** Opening DATA PROVIDED block **

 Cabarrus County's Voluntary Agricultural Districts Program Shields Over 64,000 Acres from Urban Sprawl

** Closing DATA PROVIDED block **
** Opening DATA PROVIDED block **

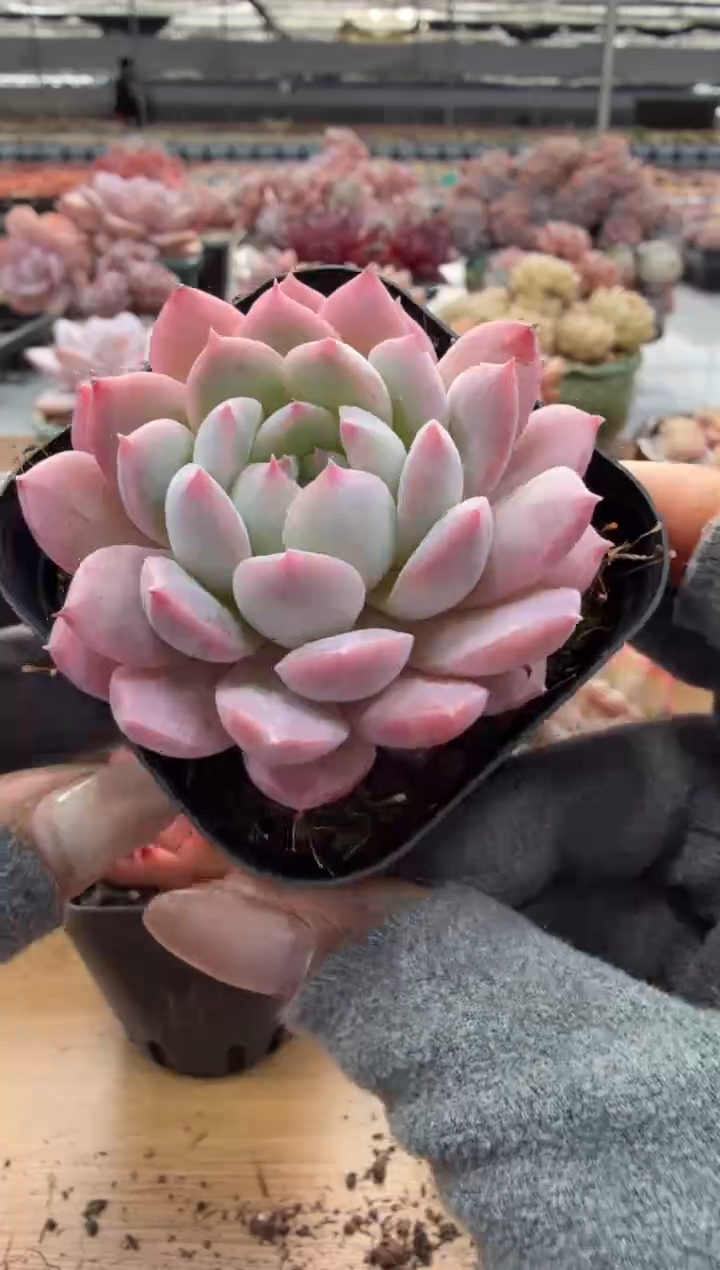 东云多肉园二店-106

** Closing DATA PROVIDED block **
** Opening DATA PROVIDED block **

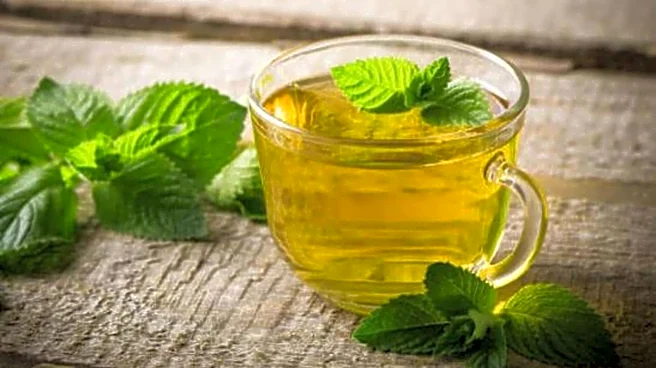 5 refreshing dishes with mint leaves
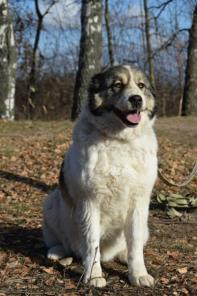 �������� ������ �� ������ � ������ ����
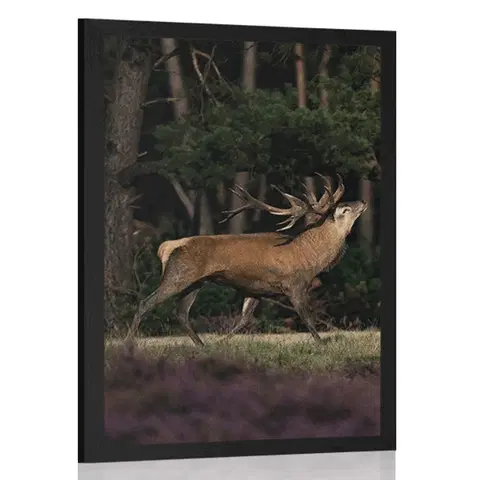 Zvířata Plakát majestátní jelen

** Closing DATA PROVIDED block **

THE PROBLEM » Within the listing above, extract exactly the lines that run from the one containing "5 refreshing dishes with mint leaves" through the one containing "Zvířata Plakát majestátní jelen", excluding any pictures.

EXERCISE ANSWER »
 5 refreshing dishes with mint leaves
 �������� ������ �� ������ � ������ ����
 Zvířata Plakát majestátní jelen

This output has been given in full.